お手製と思われる本棚には変わらず彼女の好きな本が並べられいたり、中には医学書も揃っている。
柔らかい風がレースカーテンを揺らす度に緑のいい香りがする。柔らかい陽の光に照らされる彼女を見ると"彼女が心から待ち望んでいた幸せな人生"を謳歌しているのだろうと、……なんだか嬉しい気分だった。
「……お元気でしたか?」
「見ての通りピンピンだ。」
アイリスはスプーンをテーブルに置くと両肘を立て、まじまじと対面側に座るユーリをじっと見つめる。
「…やっぱり身長伸びましたよね?座ってても分かります。」
「ああ!伸びたぞ!ロッティと並ぶほどにな!」
「遅れてきた成長期ですね?おめでとうございます。」
「……お前少しバカにしてるだろ。」
懐かしい光景だった。
意地悪そうに笑う顔も、人の揚げ足を取るような会話も。たがどれも不快では無い。
「お前は変わらないな?」
「ふふ。変わらず可愛いですか?」
「ああ。相変わらず子供っぽくて口達者で参ったよ。」
「……それ、バカにしてますよね?」
むうっと頬を膨らませる姿さえ愛おしい。バゲットの欠片を口に放っては顔を赤らめ、恥ずかしそうに視線を逸らす細かな行動まで……何もかもが愛おしかった。
「えっと……"ティフィ"……じゃなくて"アイリス"……」
「アイリスじゃなくていいですよ。みんな"アリー"って呼んでくれます。」
「……"アリー"。」
「はい。ユーリさん。」
既視感がある。そういえば昔、ティファニーと名前を呼んでいた時も今みたいに癖のある妖しい笑い方で"ティフィー"と呼んでください、なんて言われたな。
相も変わらずいい意味で人ったらしだ。
普通の男なら今の台詞と妖艶な微笑みで勘違いするだろう。
というより実際"勘違いしているストーカー"とやらがわんさかいるらしいし、正に魔性の女だ。それは歳を重ねた今だからこそより明白だ。

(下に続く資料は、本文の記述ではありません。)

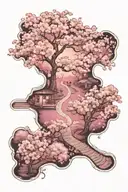 A crossroad in moonlight, surrounded by cherry blossom. tattoo design idea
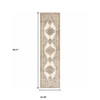 2' x 8' Beige and Ivory Oriental Power Loom Stain Resistant Runner Rug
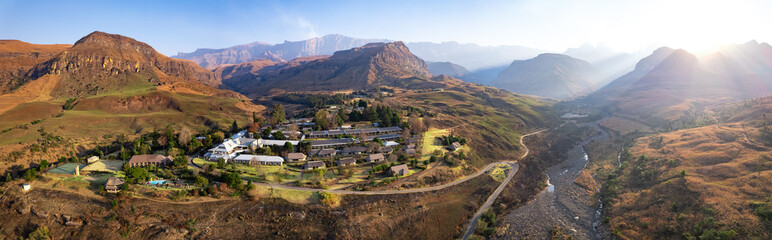 Fototapeta na wymiar Aerial view of Cathedral Peak in Drakensberg mountains, at the Lesotho border in KwaZulu-Natal province, South Africa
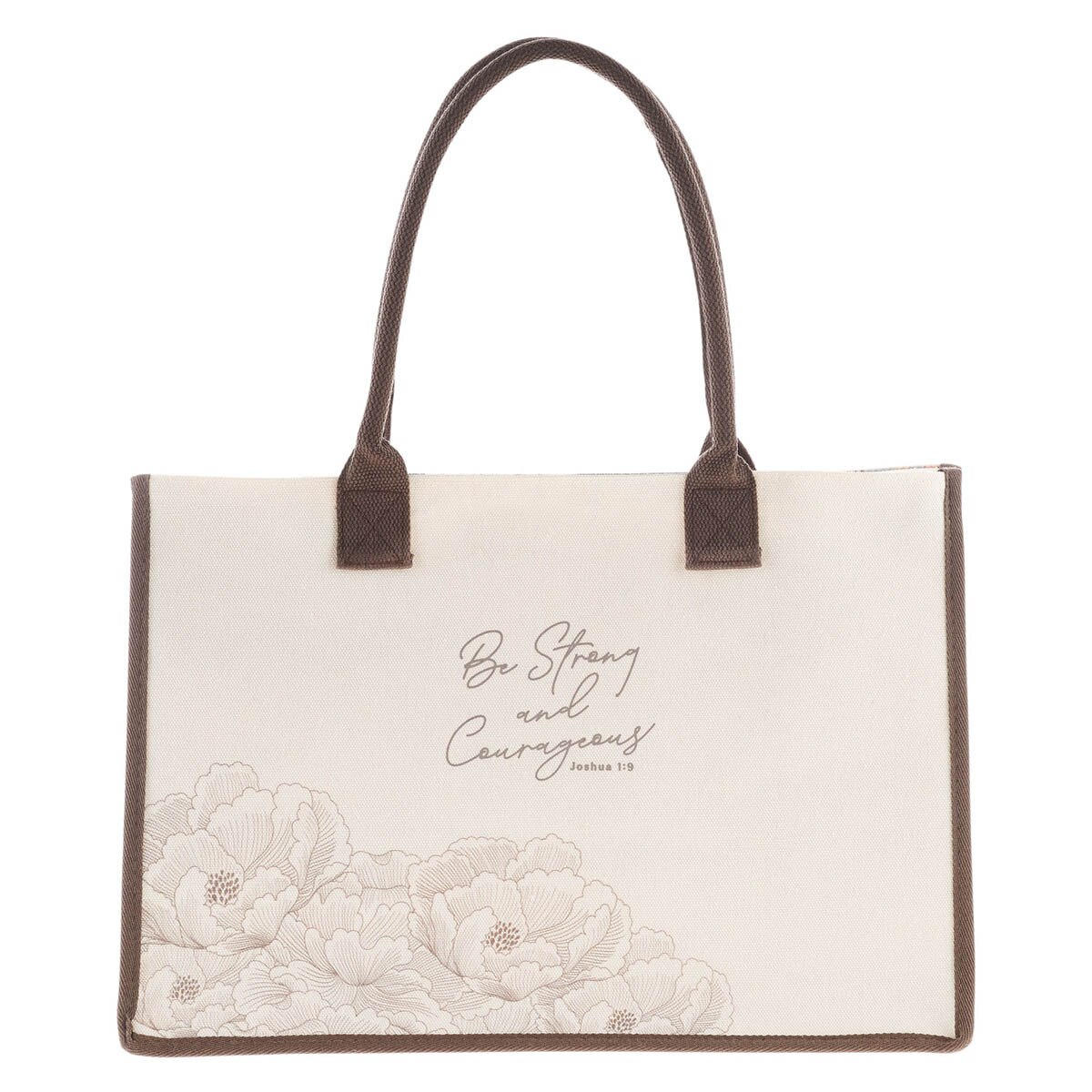 Be Strong and Courageous Floral Canvas Tote Bag - Joshua 1:9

「よくここまでたどり着きましたよね?私の事を尋ねたらストーカーとか変質者とか言われませんでした?」
「ああそうだった!!ここまで来るのに大変だったんだぞ!相変わらずストーカー扱いされるし!」
「それはユーリさんの言動にも問題があったんじゃないですか?元々ストーカー気質有りますし。」
「ち、が、う!断じて違う!」
「((いやいや。過去に実際ストーカーしてたでしょう。))」
呆れ顔を満面に浮かべジト目を向けるアイリス。ユーリ本人はストーカー気質は無いと言うがそんなわけが無い。そもそも実姉のヨルにも酷く執着していたし、自分と付き合うとなってから、それはそれは周りも引くほどのストーカーっぷりを発揮していた。
「で?問題の男はどれくらい居るんだ?」
「数えてません。来たら追い返すの繰り返しです。」
「あのな……危機感ってのは無いのか?」
「何かあれば対処します。それに私はもともとスパイですよ?その辺の男性に捕まるなんて有り得ません。」
「((だからそういう意味じゃないんだよ!……お前のことを"そういう目"で見る男が居ることが不愉快なんだ!))」
ユーリも眉を顰め、彼女の台詞に対して胸中で反論していた。彼女は強い、男の一人や二人を捩じ伏せることなど容易だろう。だが"そうじゃない"。自分が近くにいなかったこの十年間、そういう目で彼女を見ているという輩が居ることが気に入らなかった。
「アリー。頼むから危険な事だけは……」
ユーリが更に畳み掛けるように言葉を放ったその時、玄関の方から大きなノック音が響いた。
「ん?誰だろ。」
「待て。ボクが行く。」
「ちょっと待ってください。いきなりユーリさんが出向いて皆が驚いたら……」
椅子から同時に立ち上がる二人。玄関に向かおうとするアイリスの腕を掴み制止しようとするも応えるわけが無い。足早に玄関へと向かうアイリス、そして引っ付くようにユーリも向かう。
「――はーーい。どちら様?」
扉を開けると目の前にはユーリと同じ背丈の青年が立っていた。
「"センセー。お邪魔してイイ"?」
にこやかに微笑む青年。扉の縁に腕を預け、陽気な笑顔を浮かべていた。
少し長めの黒髪に瞳の色は明るいブラウン。白シャツは大胆に第二ボタンまで開けられており、ベージュトーンのチノパンは怠そうに腰あたりで履いていた。パッと見チャラチャラとした印象だ。
しかし瞳は切れ長で"美少年"とも言えるだろう。
「((……コイツ。さっきあの場所でベタベタとアリーに引っ付いていたクソガキ……))」
先程、森をぬけた花畑にて。周りの少女たちに文句を言われながらベッタリとアイリスに引っ付いていた青年だった。
「……"追い返さないのか"?」
「何言ってるんです?彼は確かに男性ですけど私の大切な"友人"ですよ?」
"厄介な男は追い返す"と言うようなことを口にしていたアイリス。それであれば追い返すのがセオリーだろう?なんて言いたげなユーリの表情。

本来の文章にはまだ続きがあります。